Prime Minister Stephen Harper’s foreign policy is largely about re-shaping the domestic agenda – for years to come. War in the East helps to fuel the flames of hatred and bigotry at home, and strike fear in the hearts of working people, especially social justice seekers.
By spending $122 million and bombing 53 targets, Ottawa is no closer to eliminating ISIS. Instead, it is treading the path that turned Afghanistan, Iraq and Libya over to ruthless, sectarian, reactionary forces. It also ensures more costly contracts for makers of military hardware and surveillance technology.
The ideological offensive, however, is priceless. For Canada’s ruling elite, that is. By distracting huge swaths of the population with security paranoia and islamophobia, the Conservatives sidelined discussions about job insecurity, tax giveaways to the rich, rising economic inequality, eroded pensions, long ignored child care needs, and the scourge of climate change. The diversion worked, for a while, and now shows signs of waning.
Harper continues to inflate the ‘jihadist monster’ – even as the Canadian Security Intelligence Service says that Muslim terrorists are less of a threat than white supremacists. Lone wolf attackers are more likely to be radical right wingers than radical Islamists, according to CSIS. But Arabs and Muslims fit the profile Harper prefers to employ to rationalize more police powers and longer jail sentences.
His so-called Anti-Terrorism Act (C-51), condemned by the 36,000 member Canadian Bar Association for curtailing liberties without increasing public safety, casts a widening net. Its vague wording is a gaping snare, potentially for anyone who engages in protest that ‘undermines national security.’ Workers on strike, indigenous land defenders, and so-called ‘anti-petroleum ideologues’, take note.
Meanwhile, greater police spying, more frequent use of cop agents to disrupt social movements, and arrests increasingly made without due process, combined with mounting civilian casualties from CF18 air strikes abroad, will likely help ISIS to recruit – and round and round it goes.
This is the political treadmill for more war, more austerity for the vast majority, and many more lies. Remember the Fair Elections Act that made elections less fair? The Access to Information Act that made information inaccessible? The Privacy Act that invaded your privacy? The noncombat mission in Iraq that put Canadian troops in combat, leading to the death of one soldier, and the maiming of three others from “friendly fire” on an Iraqi battle front line in March?
To his credit, New Democratic Party leader Tom Mulcair condemned the extension of the war. He said in Parliament that an NDP government would end Canadian intervention in Iraq and Syria, and bring the troops home. If only he would similarly denounce the Zionist occupation of Palestinian territory and reverse his stridently pro-Israel stance.
Liberal leader Justin Trudeau opposed Harper’s expanding belligerence, mostly on the dodgy basis that the mission lacks clear objectives. However, Trudeau and his Liberals are voting for repressive law C-51, they say, for fear of handing Harper an election issue. Such a principled opposition.

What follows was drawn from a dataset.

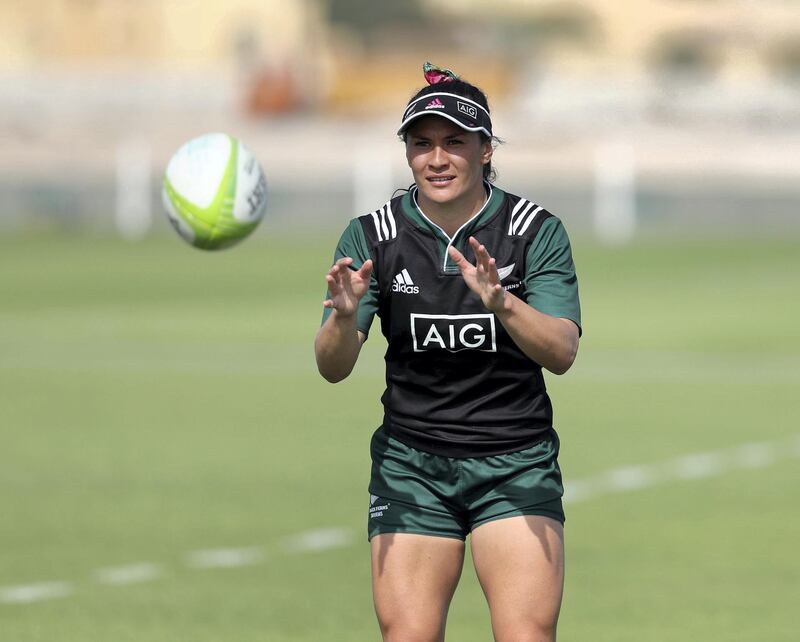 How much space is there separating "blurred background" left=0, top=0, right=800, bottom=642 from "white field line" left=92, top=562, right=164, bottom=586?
31mm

Fortunately, the parliamentary critics increasingly echo the changing mood of the population, which is questioning permanent war abroad, and challenging repressive legislation at home.
On March 14 over 90,000 people rallied and marched across English Canada and Quebec against Bill C-51. More protests are in the works. That is the best bet for changing the channel on Harper’s ‘fear and loathing’ agenda.